Aquí hay gato encerrado", exclamó de pasada el veterano chulapo, en la madrileña pradera de San Isidro, cuando miembros de la comitiva socialista en campaña comentaban, rosquilla en mano, la ingratitud de los independentistas catalanes con Pedro Sánchez, al impedir que un político tan asequible como Miquel Iceta presida el Senado, institución tan obsoleta como determinante para asuntos como la aplicación o no del afamado artículo 155 de la Constitución. En la frase del manolo iba implícita la consideración de que en política nada es gratuito y que, como ocurría al tren de Arganda, a veces se pita más que se anda.

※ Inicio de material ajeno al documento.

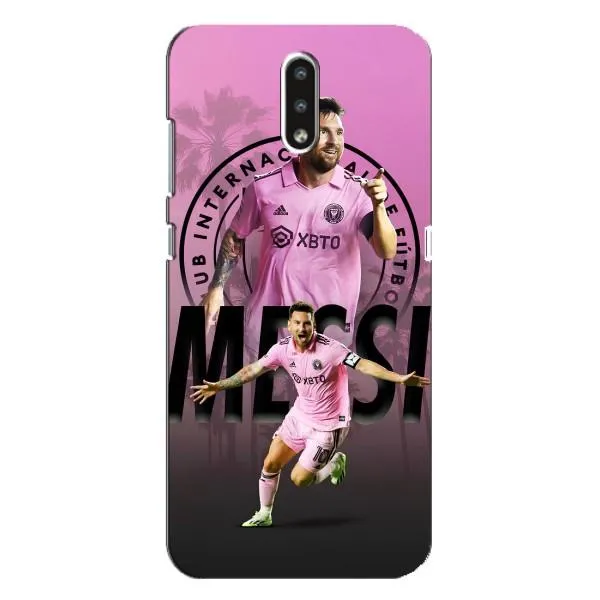 Чехол с принтом «Messi Miami» для Nokia 2.3 Чехол с принтом «Messi Miami» для Nokia 2.3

Visto el absurdo desenlace, lo que más sorprende es que un dirigente tan acrobático y sibilino como el líder socialista haya permitido que trascendiera su propósito con Iceta sin atar antes todos los cabos con los grupos ultranacionalistas del Parlament, decisión que, por otra parte, también representaba un feo desaire a los senadores del PSOE elegidos en las urnas. No parece muy creíble que Sánchez haya pecado de tan supina inocencia con los que, como bien sabe, retuercen el sentido común, incumplen su palabra cuando les interesa y tienen a gala atentar contra el orden constitucional.

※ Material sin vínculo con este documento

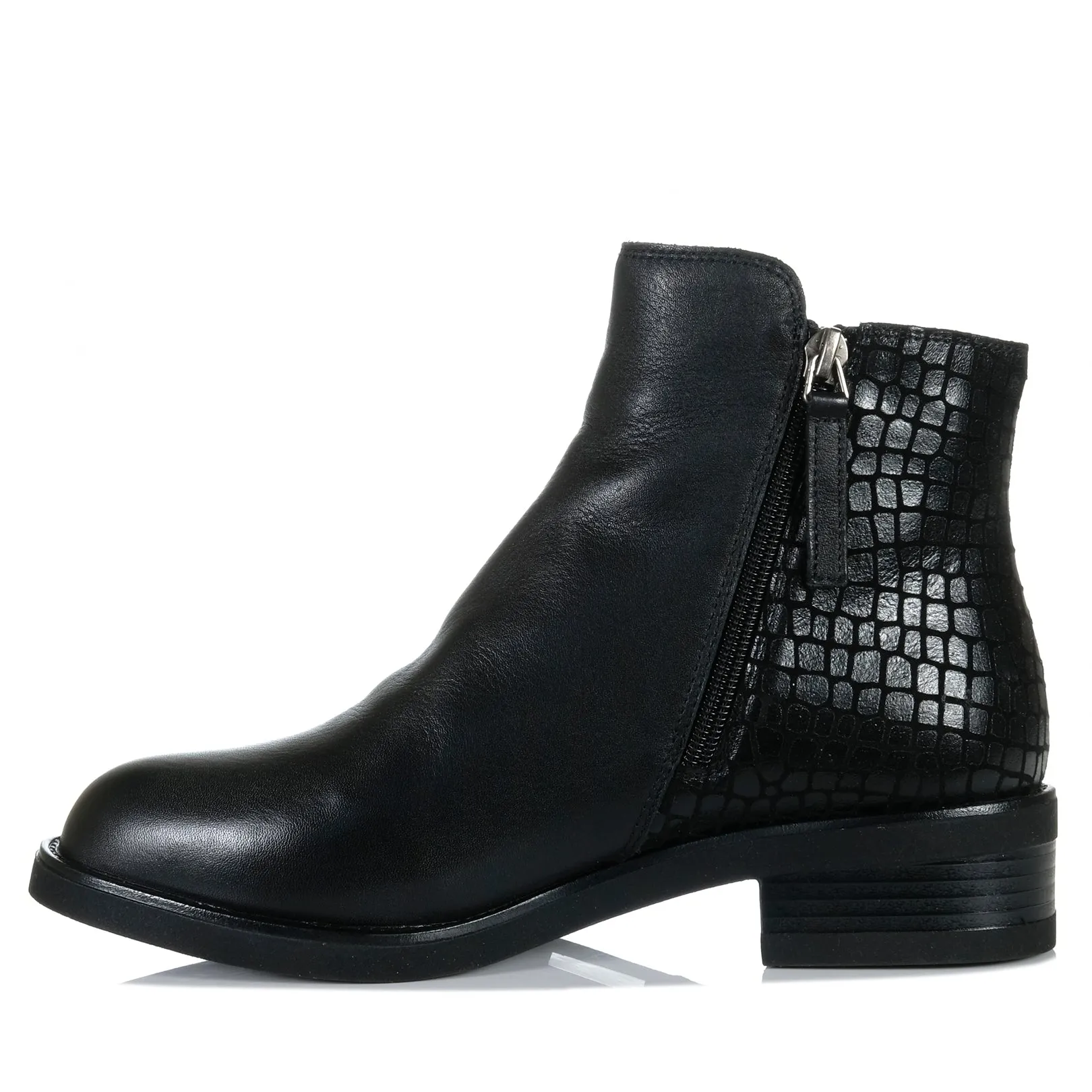 Bresley Dungeon Black/Croc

La respuesta del presidente ha sido tan sombría como las relaciones que hasta ahora ha mantenido con los grupos secesionistas. Decir que "no es un veto a Iceta, sino a la convivencia y al diálogo" es como fijarse en el dedo cuando el sabio señala la luna. Más que vetos a la convivencia, que también, lo que ocurre en Cataluña es un constante y flagrante incumplimiento de la legalidad por parte de los que avalaron la moción de censura, auxiliaron al Gobierno de Sánchez hasta que les convino y ahora anuncian bajo cuerda, eso sí, que apoyarán su investidura de manera condicional.

La conclusión es farragosa, ya que el veto de ERC, Junts per Catalunya y la CUP a Iceta como senador ofrece posibles lecturas concomitantes que arrojan sospechas. Si, por un lado, los soberanistas demuestran a sus electores la rentabilidad del resultado obtenido en las elecciones generales para someter al Gobierno y proseguir el guión separatista; por otro lado, ventila los agobios de los candidatos socialistas en otras zonas de España, al revelar las maledicencias del PP y de Ciudadanos cuando afirmaron -con la impericia que les caracteriza desde que sonó el timbre electoral- que la designación de Iceta era el "pago de Sánchez a los golpistas" para recabar de nuevo su apoyo.

Lo único evidente es que la investidura supondrá a Sánchez un doble coste: el que exija Podemos, que está por ver, y el que dispongan los nacionalistas radicales, que será creciente. Si los independentistas (ERC, JxCat y Bildu) votan no, el jefe del Ejecutivo se vería abocado a convocar nuevos comicios, efugio que a ninguno de ellos interesa de momento. Y, por si acaso, conviene recordar que PSOE y ERC tienen una densa historia de entendimientos. En el Congreso, con Zapatero, y, en el Gobierno de Cataluña, con Maragall y con Montilla.